The first time it came up — about a year later — a famous celebrity died. While my immediate reaction was a mixture of heartbreak, devastation, and compassion for that actor’s family and of course, for the actor himself (me being a person who had seen firsthand what battling addiction and self-medicating looked like). But some of the people close to me had a response that was much less understanding. It was overtly rude — heartless. The complete opposite of empathetic. It was as if, in their eyes, this actor deserved death. He chose it, did he not?
When I expressed how terrible his passing was, one friend responded, “Yeah, but he was a drug addict.”
In other words, we can’t feel sorry for drug addicts because they actively choose their fate. Should we eradicate all of the drug addicts of the world? Because they’re barely human, right? They’re mongrels: Gross, disgusting, horrible almost-people who don’t have loved ones or dreams or willpower or goals. The fact that they depend on a drug (or alcohol) to get through their daily life deems their completely unworthy of love. Of friendship. Of any good thing ever. Of life. Right?
No. No, no, no. Absolutely fucking no.
How come I know this at 23? How come the people around me, much older, much wiser, whose eyes have seen so much more life and death than mine… do not?
It struck me like a metaphorical, emotional blow, but I was so taken aback I was speechless for a few seconds. I finally managed, with wide eyes, “You know that Nick qualifies as a drug addict. Right?”
“But I don’t mean him.”
“But what you said — it’s a label you’re automatically assigning to all drug addicts, which means, it applies to him.”
Flash forward a few years and I’m still experiencing the same lack of compassion concerning my reaction to drug-related deaths.
“When are you going to stop being so sensitive about that?” I was once asked as I yet again confronted someone close to me about their lack of empathy regarding the subject.
My best friend, who I had feelings for, died from a combination of lethal substances when he was just 19 years old. So, um… NEVER?
I’m not the only one facing the aftermath prejudice of an overdose. When talking to one of my friends who experienced a similar situation as me, she confirmed she too deals with the negative legacy the nature of her loved one’s death has left behind. People don’t understand. Weirdly enough, it seems like the people closest to victims of violent loss, such as overdose, are the ones who are the most prejudiced.
I don’t give a shit how he died. The fact that he injected drugs into his body to get high doesn’t make me love him, his goofy smile, his personality, his boisterous, mega loud laugh any less. He’s still the person I knew, who made up of all the good things I loved.
Addiction was part of his story. Part of his makeup. And part of his demise. But just as I loved all the positive parts of him, I’ve learned to accept and love the ugly, the toxic, the fatal, too.
You can’t bring me down with your selfish, ignorant reactions. The way someone died doesn’t matter. It doesn’t take away from who they were when they still had blood pumping through them and their cells still multiplied. Please remember that and proceed with empathy when you approach someone who has lost a loved one to a traumatizing, violent end.
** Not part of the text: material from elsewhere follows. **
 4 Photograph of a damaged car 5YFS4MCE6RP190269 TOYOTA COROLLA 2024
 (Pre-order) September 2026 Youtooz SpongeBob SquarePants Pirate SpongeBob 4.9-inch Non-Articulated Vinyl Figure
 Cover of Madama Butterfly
Just as you wouldn’t make jokes about murder around the survived victims of a homicide, you shouldn’t approach suicide or addiction lightly.
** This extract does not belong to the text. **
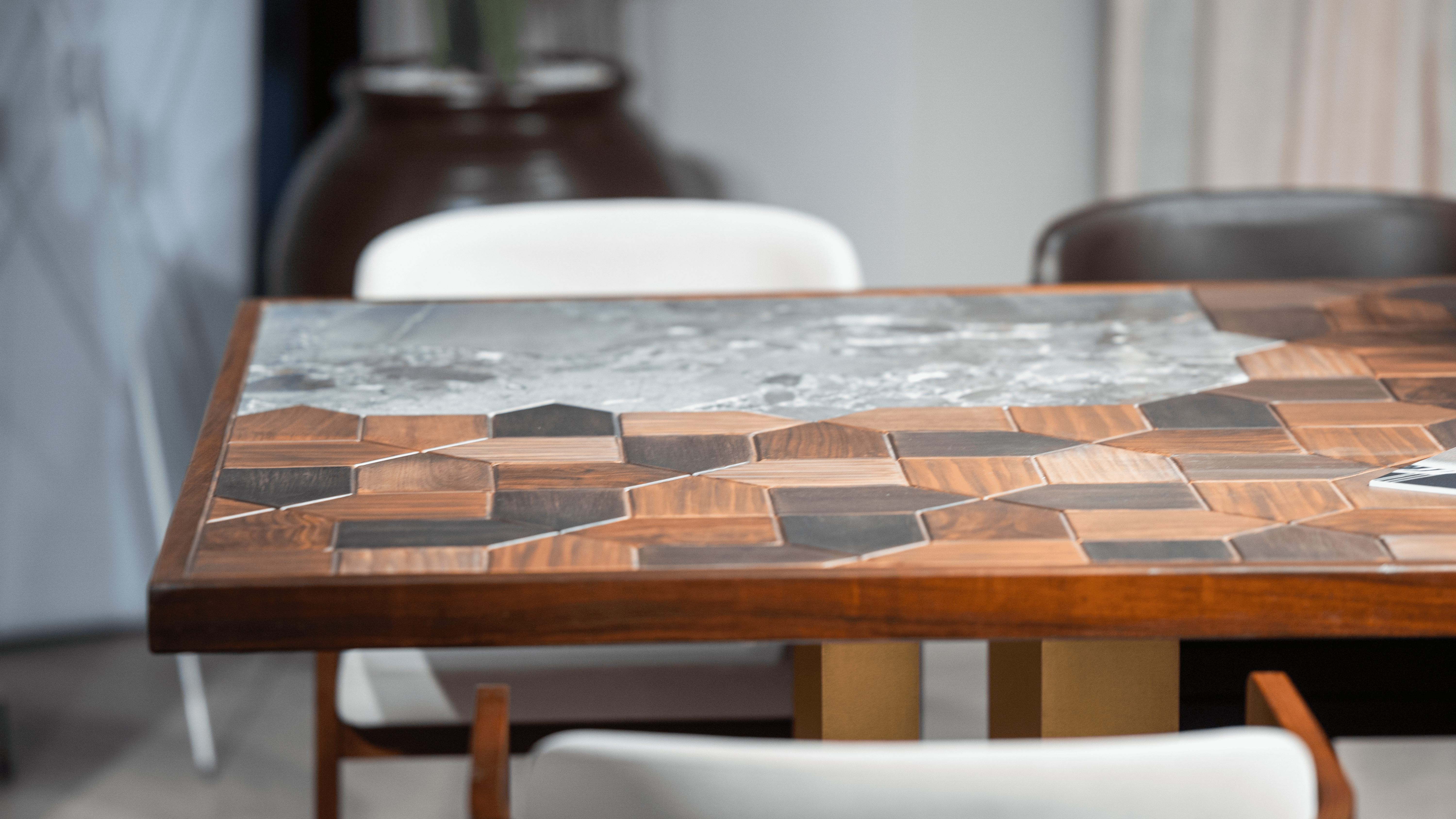 Nordic 10 Seater Dining Table - ROVE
Everyone is working their way through something. Navigate those sensitive waters accordingly and don’t ever criticize the nature (no matter how negative) in which someone met their end. Death is death and it’s never easy to come to terms with whether it was death by suicide, overdose, homicide, or natural causes. Pain is pain; never be the cause of even more pain for someone who is struggling with loss.